Why is a laboratory notebook important?

Maintaining an accurate and authentic laboratory notebook is a vital tool of academic research. Because the U.S. grants patent to the true inventor, not first to file, a well–kept laboratory notebook can be indispensable in legally establishing dates of invention, i.e. when the invention was conceived and when it was made. A bound laboratory notebook may become indispensable evidence of the dates you conceived of the invention and reduced it to practice as well as model tests and the test results. You may need to prove whether or when an invention occurred in the course of your research if your inventorship is ever questioned.

In general, you can establish date of invention conception with a sketch and a brief written description. Reduction to practice requires construction and successful testing of a device that incorporates the invention. The date of successful testing or a compound or particular setup or piece of equipment (signifying the reduction to practice) is critically important.
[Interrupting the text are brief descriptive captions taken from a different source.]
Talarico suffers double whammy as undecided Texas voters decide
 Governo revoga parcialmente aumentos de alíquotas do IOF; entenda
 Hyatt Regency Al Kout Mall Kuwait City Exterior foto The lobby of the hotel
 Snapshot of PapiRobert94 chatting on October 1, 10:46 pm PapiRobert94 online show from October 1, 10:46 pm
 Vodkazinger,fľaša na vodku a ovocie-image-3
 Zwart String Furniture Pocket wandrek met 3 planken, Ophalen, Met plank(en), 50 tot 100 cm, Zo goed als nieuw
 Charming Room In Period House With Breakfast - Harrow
What does a good lab notebook look like?

The best lab notebooks have either a sewn or perfect binding. The idea is to avoid potential problems caused by loose materials and lost or substituted pages. Some publishers offer oversized lab notebooks. With these, you can print and paste your laser printouts directly onto the pages. You should make tables of all test data, and these belong in the lab notebook. Your notebook should clearly state the nature of your project, when it started, what ideas were considered, what was made or built and tested, the test results, and the final conclusions. When these various events occurred should also be obvious from the dates on the individual pages.

Ideally, use a notebook with a preprinted page format. For example, the notebook will have consecutively numbered pages, spaces for the project title and number as well as the book number (assuming the project leads to more than one lab notebook), and signature blocks on each page that say “Recorded by/date” and “Verified by/date.” Admittedly, lab notebooks with preprinted pages can be expensive, but if you follow these basic principles you will go far to protect your research.

Organize your notebook well. Always use ink, never pencil. Accurately, completely and clearly record both successful and unsuccessful experiments. Do not trust your memory, record events as they happen. Tape worksheets, drawings or computer printouts in your notebook.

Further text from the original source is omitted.